▶ [The data]
"""

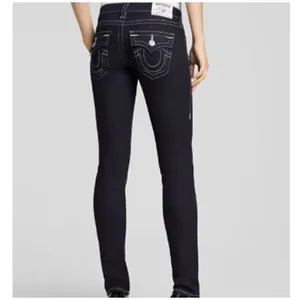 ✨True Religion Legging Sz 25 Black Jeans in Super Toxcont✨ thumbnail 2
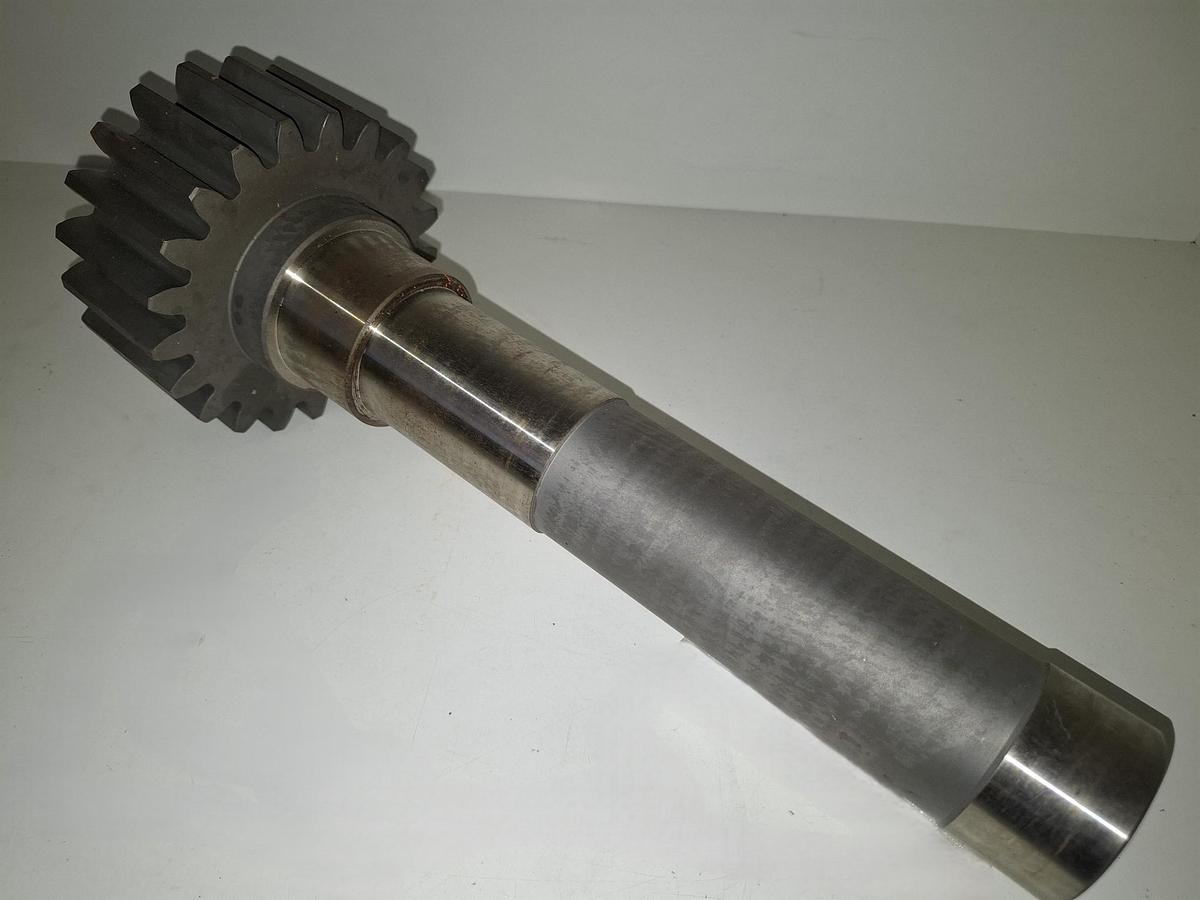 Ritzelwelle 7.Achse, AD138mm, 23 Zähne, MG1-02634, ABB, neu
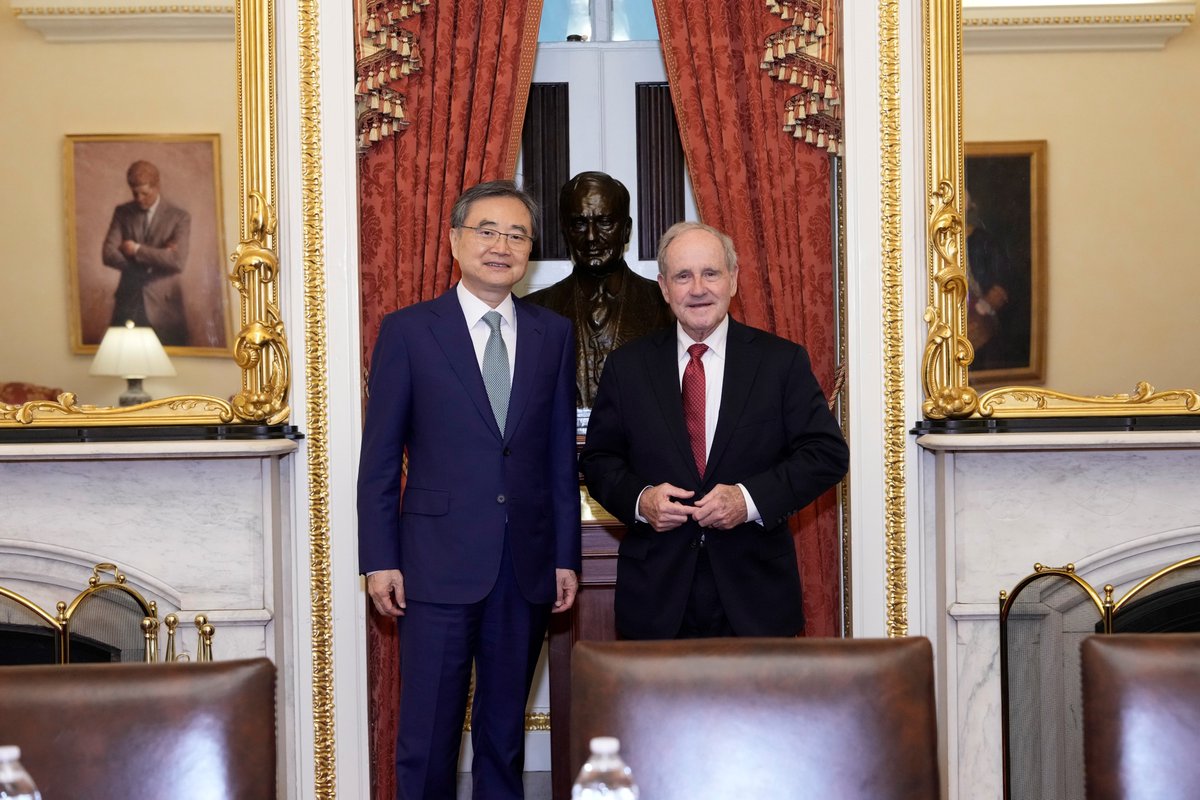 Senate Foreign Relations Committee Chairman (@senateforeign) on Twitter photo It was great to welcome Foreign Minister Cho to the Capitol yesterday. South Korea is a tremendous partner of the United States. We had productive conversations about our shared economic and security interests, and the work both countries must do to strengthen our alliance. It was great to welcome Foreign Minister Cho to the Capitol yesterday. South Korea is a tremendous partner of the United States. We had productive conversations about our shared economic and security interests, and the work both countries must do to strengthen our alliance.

"""
"""

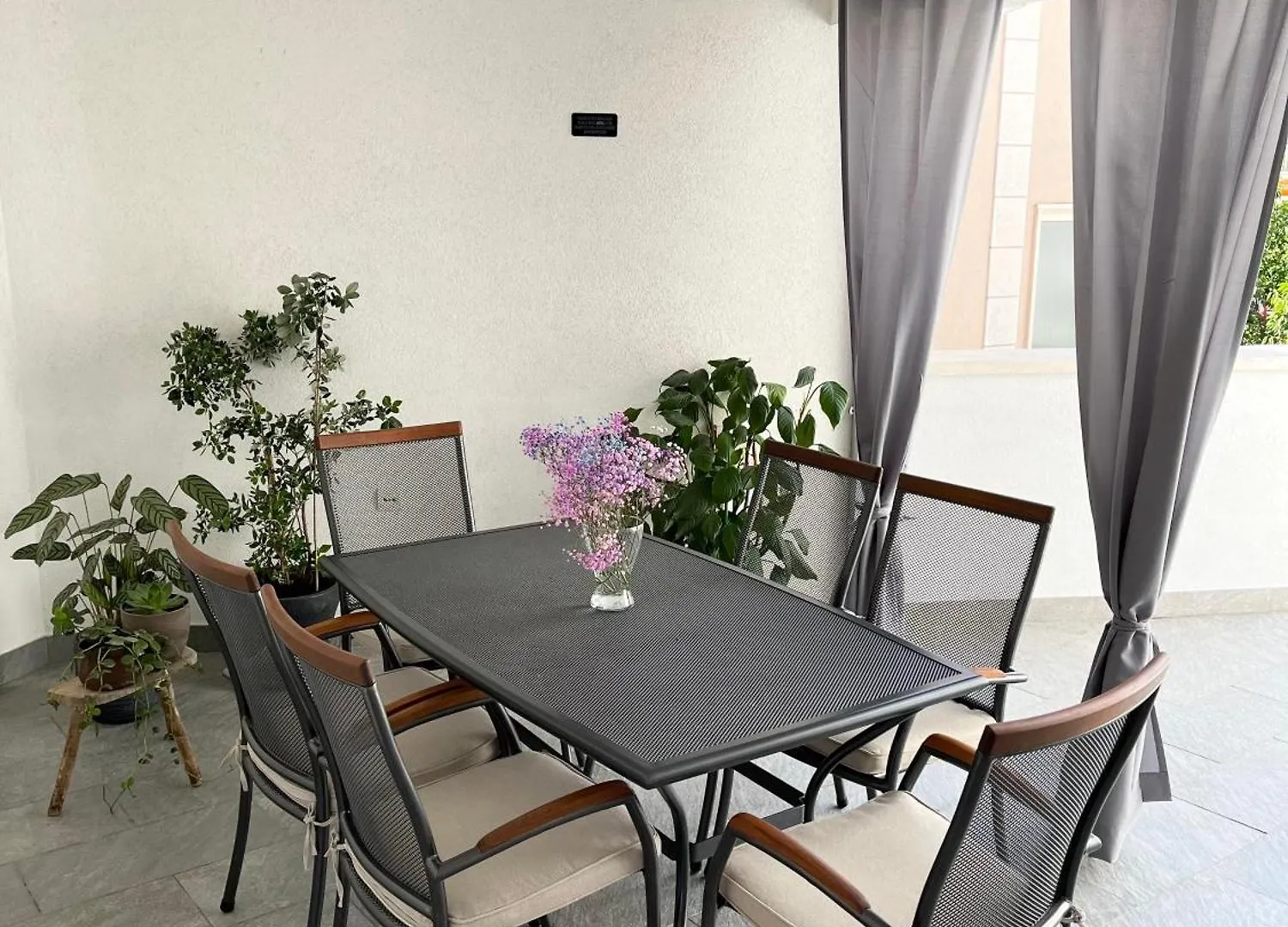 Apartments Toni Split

"""
"""

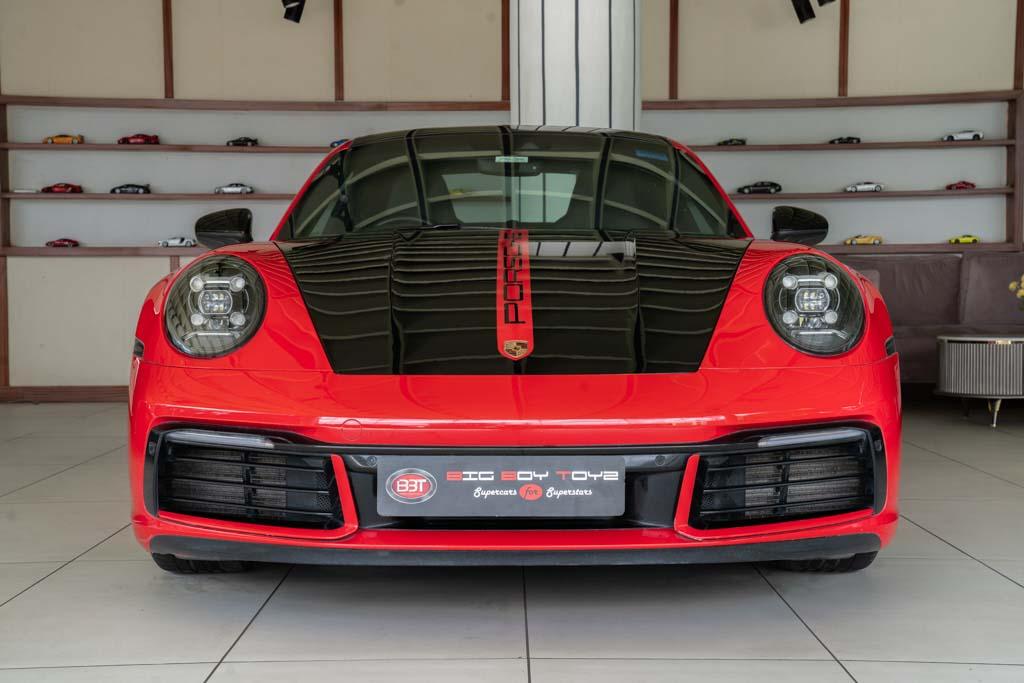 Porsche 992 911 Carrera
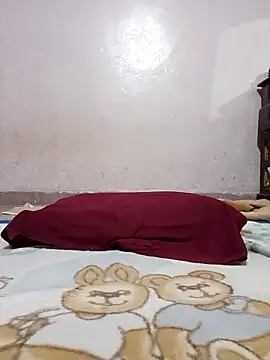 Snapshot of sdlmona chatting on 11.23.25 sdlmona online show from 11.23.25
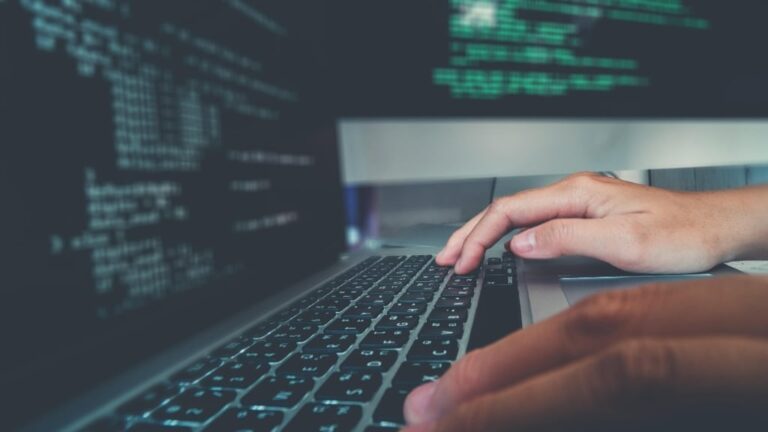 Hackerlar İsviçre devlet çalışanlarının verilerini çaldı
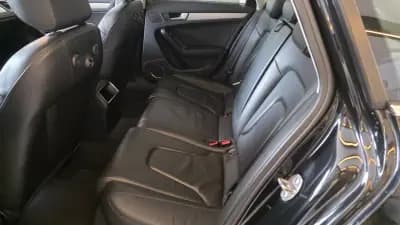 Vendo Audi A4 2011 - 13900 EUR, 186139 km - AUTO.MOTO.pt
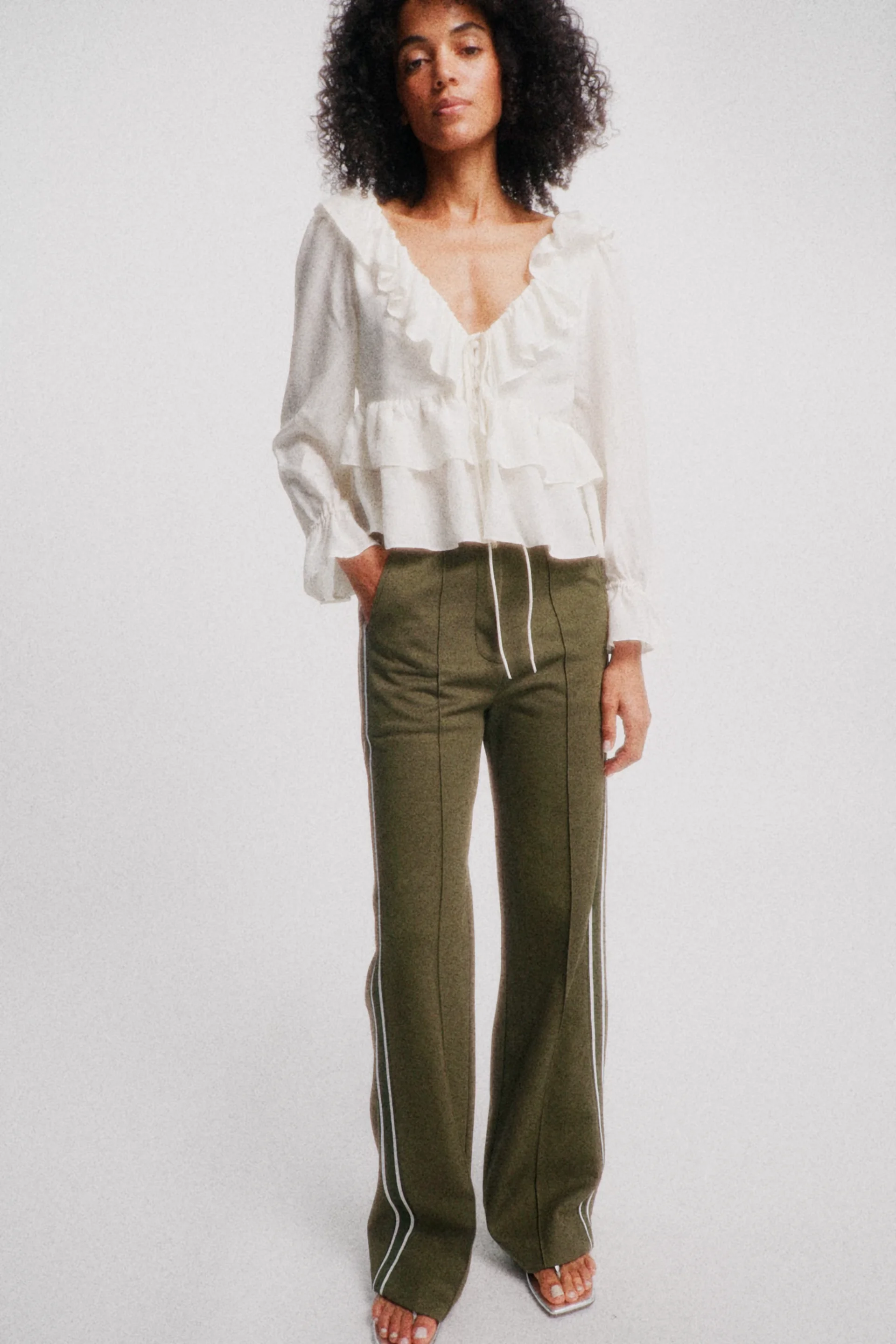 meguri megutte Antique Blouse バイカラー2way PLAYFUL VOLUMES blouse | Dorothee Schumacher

"""

Print exactly the lines above that run from the one with "Hackerlar İsviçre devlet" down to the one with "meguri megutte Antique", and omit the pictures.

▶ [Exercise solution]
 Hackerlar İsviçre devlet çalışanlarının verilerini çaldı
 Vendo Audi A4 2011 - 13900 EUR, 186139 km - AUTO.MOTO.pt
 meguri megutte Antique Blouse バイカラー2way PLAYFUL VOLUMES blouse | Dorothee Schumacher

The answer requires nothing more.